Aku menertawakannya. Prayaga pernah sangat keras kepala terhadap keinginannya menjadi penulis hebat. Aku kerap menyarankannya agar dia tidak terjebak dalam idealismenya yang menyusahkan itu. 

Saat itu, kami bertengkar hebat dan dia marah karena menganggap aku tidak pernah bisa mendukung usahanya. Namun, sekarang berbalik, egonya ternyata bisa mengendur juga.

"Bukan itu saja," katanya melanjutkan pernyataannya.

"Ada lagi?"

"Aku berhenti merokok."

"O,ya? Benarkah? Ini bahkan lebih sulit dipercaya. Sejak kapan?"

"Tujuh bulan lalu."

"Wow. Alasannya?"

"Aku tidak ingin itu berisiko ke depan."

 Segampang itukah kesadarannya? Aku tahu betul bagaimana dia selalu menghabiskan berbatang-batang rokok dalam sehari dan bagaimana aku harus mengomelinya karena sering kali abu rokoknya mengotori karpet kesayanganku. Jika alasannya seperti yang dia ucapkan, itu sungguh upaya yang luar biasa untuk tidak menjadi perokok berat seperti dulu.

"Baguslah," kataku mengapresiasinya.

Prayaga mengangguk dan tersenyum. Kami terdiam beberapa saat sebelum mengobrol kembali.

"Kapan pernikahanmu?"

"Bulan depan."

"Di pantai?"

"Ya."

"Tentu saja. Itu tempat yang sangat istimewa, bukan?"

Pernyataan Prayaga seakan-akan menyeretku ke dalam kenangan ikatan janji suci kami dulu, yang juga dilakukan di pinggir pantai. Namun, mengingat hal itu membuatku sesak karena akhirnya hubungan kami malah tidak bisa dipertahankan.

Dia menatapku dengan hangat sehingga aku dibuatnya merasa bersalah karena keputusankulah yang menginginkan kami berpisah. Namun, sesuatu dari perasaanku ini justru ingin mengetahui kehidupannya lebih jauh, sepeninggalanku.    

"Kamu sudah menikah lagikah?"

Meski tampak bingung, dia mengangguk. Oh, aku memejamkan mata sejenak dan mengembuskan napas.

"Dan aku tahu siapa dia?"

"Tidak, tidak sama sekali. Dia perempuan pengembara, sama sepertiku."

"Dia pasti sangat jatuh cinta kepadamu."

"Nah, itulah yang dia katakan."

Mengapa dadaku terasa menyempit seolah-olah tidak siap mendengarnya? Meskipun aku menyangkal tentang adanya kecemburuan, bahwa aku sudah melupakannya, tetapi kenyataannya, harus kuakui, perasaan cintaku ini masih tetap ada kepadanya.

"Bagaimana dengan Haris?" katanya balik bertanya dan aku tidak menyangka dia akan bertanya seperti itu.

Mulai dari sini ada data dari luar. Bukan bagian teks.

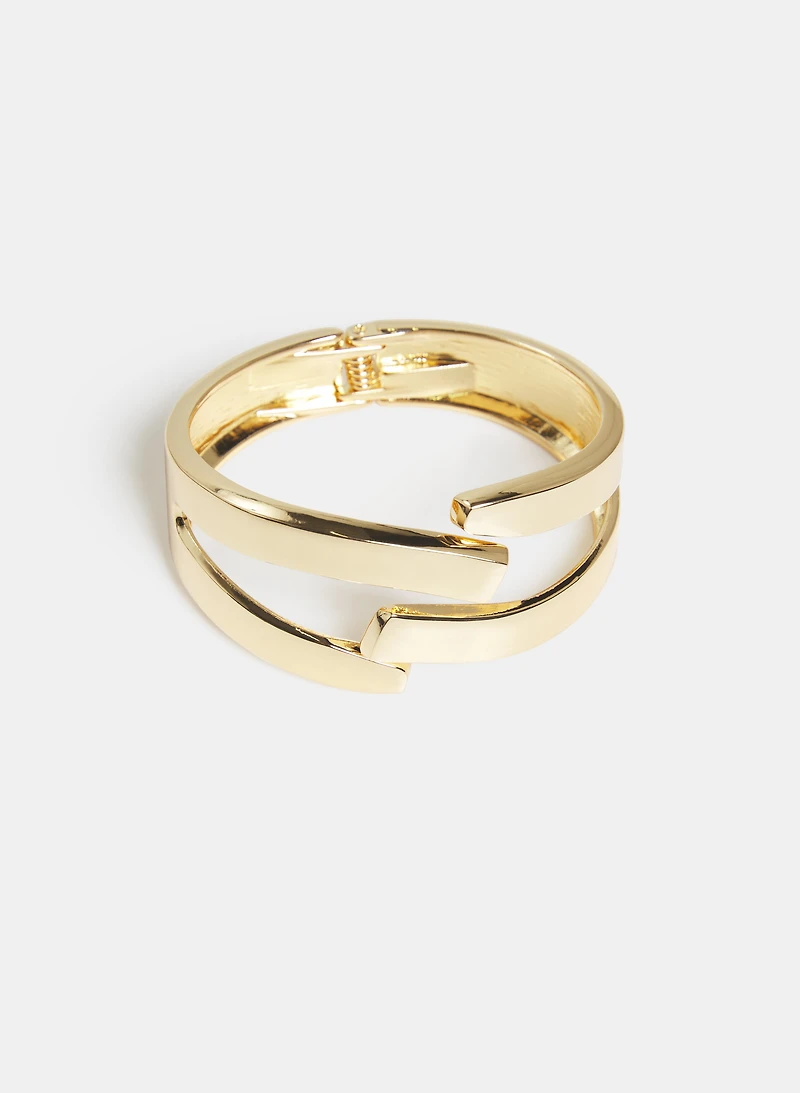 Claw Hinge Bracelet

"Dia laki-laki yang baik."

"Dan dia begitu cepat hadir, bahkan sebelum palu pengadilan kita diketuk."

"Itu bukan salahnya Haris, Prayaga. Kita berpisah bukan karena dia."

"Aku tidak tahu, tetapi kamu akhirnya menikah dengannya, bukan?"

"Kamu tahu, kan, apa yang aku inginkan dalam pernikahan?"

"Anak."

"Tidak. Aku bahkan tidak merisaukannya ketika kita belum siap memilikinya, bahkan mungkin kamu. Aku hanya ingin memiliki keluarga dan bahagia. Dan kamu tidak pernah mencoba melihatnya dari sudut pandangku. Bagaimana kita menjalin hubungan, bagaimana pengorbananku untukmu, kamu tidak pernah melihat itu semuanya."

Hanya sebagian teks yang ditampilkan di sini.